→ **WHAT THE TASK REQUIRES**: The lines from the one with "this 464×619 image." through the last line below are to be copied exactly; no other lines are to be returned.

→ **EXTRACTED DATA**:
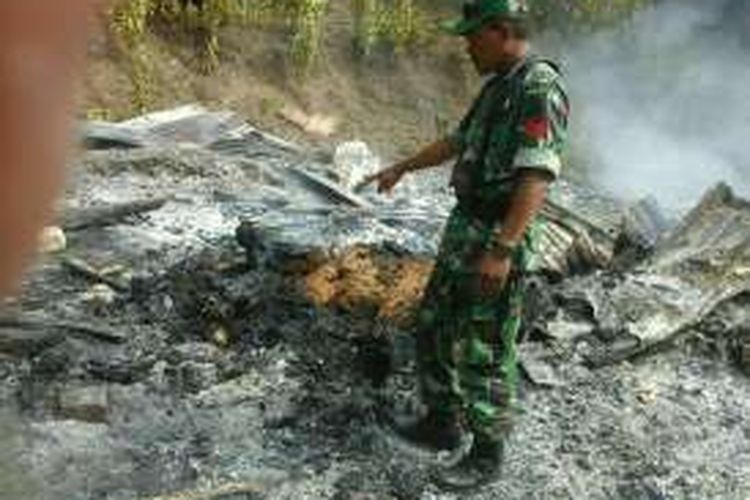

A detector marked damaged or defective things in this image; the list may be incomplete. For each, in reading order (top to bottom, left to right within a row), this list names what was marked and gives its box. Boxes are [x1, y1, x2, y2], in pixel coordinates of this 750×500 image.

fire damage [1, 107, 750, 498]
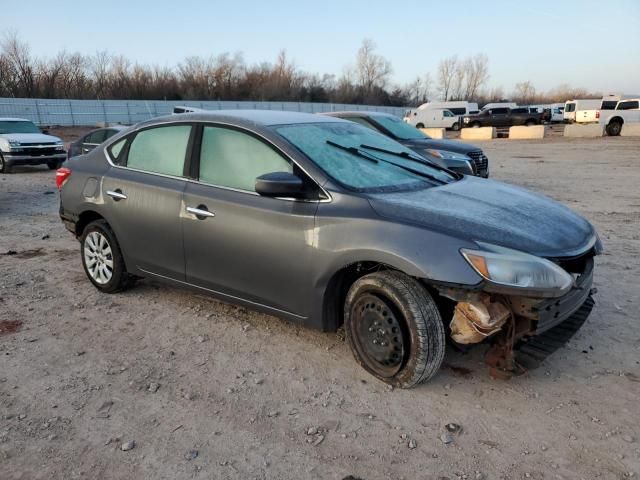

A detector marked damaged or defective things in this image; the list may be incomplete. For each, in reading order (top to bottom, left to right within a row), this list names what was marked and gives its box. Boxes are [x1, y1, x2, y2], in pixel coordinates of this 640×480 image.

damaged gray sedan [56, 110, 600, 388]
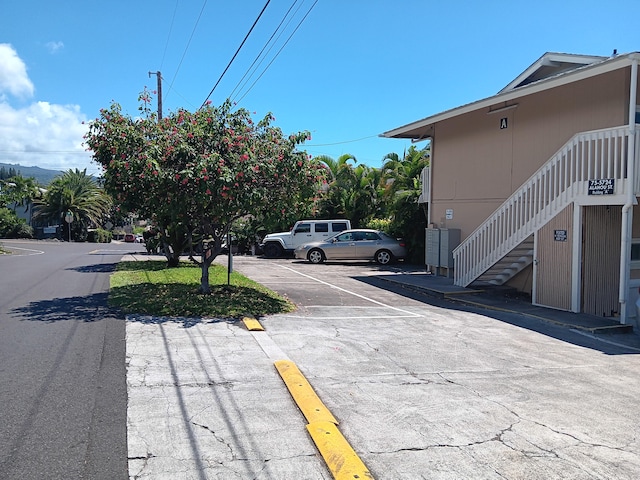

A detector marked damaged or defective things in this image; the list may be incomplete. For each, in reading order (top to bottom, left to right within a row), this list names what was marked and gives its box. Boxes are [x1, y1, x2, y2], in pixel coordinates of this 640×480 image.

cracked concrete pavement [126, 256, 640, 478]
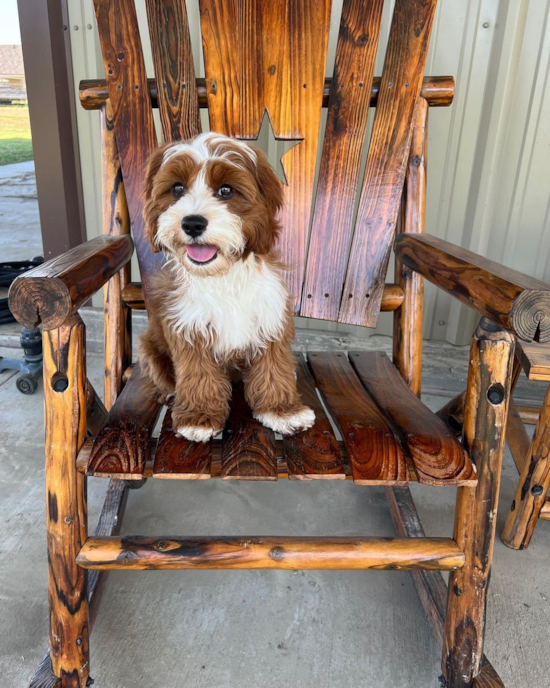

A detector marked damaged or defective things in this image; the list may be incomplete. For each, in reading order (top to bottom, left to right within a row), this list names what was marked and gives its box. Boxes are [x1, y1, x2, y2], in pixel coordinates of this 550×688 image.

charred wood finish [92, 0, 165, 300]
charred wood finish [144, 0, 201, 140]
charred wood finish [202, 0, 332, 310]
charred wood finish [77, 75, 458, 110]
charred wood finish [302, 0, 384, 320]
charred wood finish [340, 0, 440, 330]
charred wood finish [9, 235, 134, 332]
charred wood finish [101, 102, 133, 408]
charred wood finish [123, 280, 410, 312]
charred wood finish [394, 99, 430, 396]
charred wood finish [396, 234, 550, 344]
charred wood finish [43, 318, 89, 684]
charred wood finish [87, 366, 162, 478]
charred wood finish [153, 408, 213, 478]
charred wood finish [221, 384, 280, 482]
charred wood finish [76, 536, 466, 572]
charred wood finish [284, 358, 344, 482]
charred wood finish [308, 350, 412, 484]
charred wood finish [352, 352, 476, 486]
charred wood finish [444, 320, 516, 684]
charred wood finish [506, 388, 550, 548]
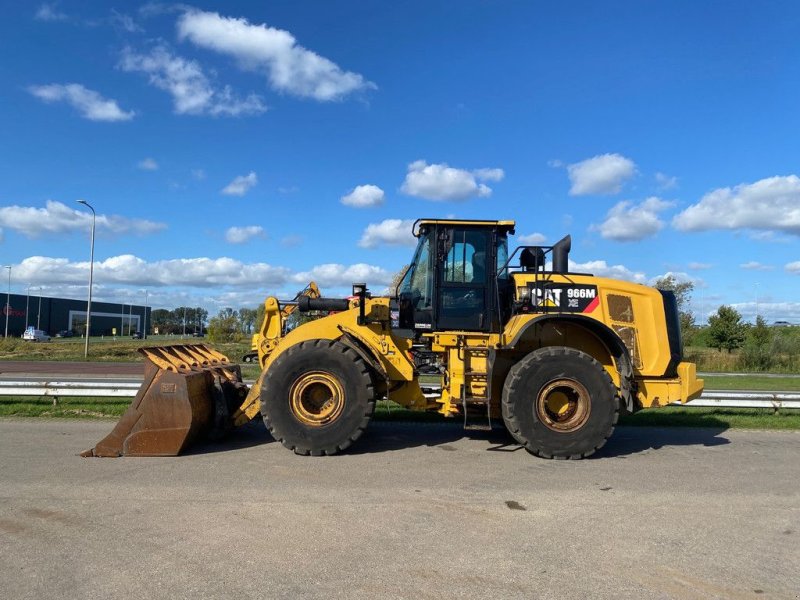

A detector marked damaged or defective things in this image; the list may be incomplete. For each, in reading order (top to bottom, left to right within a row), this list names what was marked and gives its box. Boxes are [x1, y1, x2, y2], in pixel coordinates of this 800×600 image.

rusty bucket [82, 344, 247, 458]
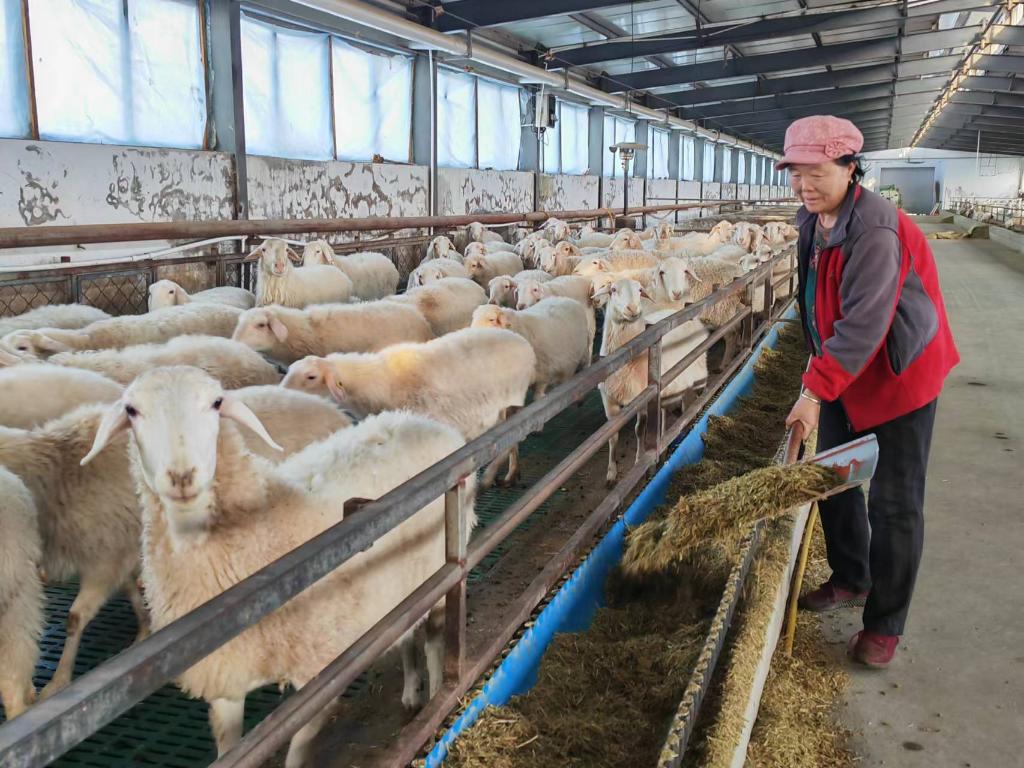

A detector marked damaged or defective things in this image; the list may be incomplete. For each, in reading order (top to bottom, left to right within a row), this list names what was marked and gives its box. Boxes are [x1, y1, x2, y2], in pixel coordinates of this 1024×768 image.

peeling wall paint [0, 140, 234, 226]
peeling wall paint [438, 169, 536, 216]
peeling wall paint [536, 173, 600, 212]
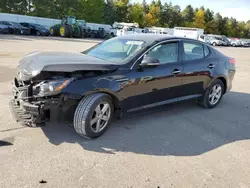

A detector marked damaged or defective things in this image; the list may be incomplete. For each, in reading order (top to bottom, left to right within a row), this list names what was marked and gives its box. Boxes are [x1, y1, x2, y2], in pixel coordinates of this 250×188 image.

crumpled hood [17, 50, 119, 80]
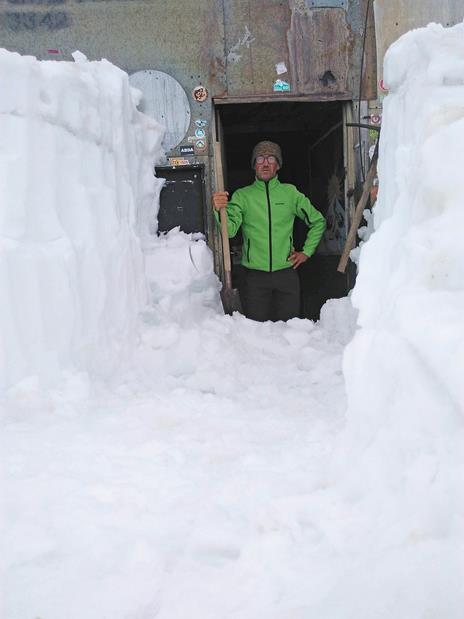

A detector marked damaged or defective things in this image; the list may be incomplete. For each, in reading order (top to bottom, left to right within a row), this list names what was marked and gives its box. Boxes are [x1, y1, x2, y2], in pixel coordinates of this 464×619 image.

rusty metal sheet [288, 7, 350, 95]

→ **OUTPUT FOR THIS TASK**:
A detector marked damaged or defective things in this image; the list may be incomplete. For each, in reading order (top to bottom, left to right within a row), this list names what was marked and gives its box. Boxes are [x1, y1, x2, y2], in pixel coordinates of this 464×619 image.

rusty metal sheet [288, 7, 350, 95]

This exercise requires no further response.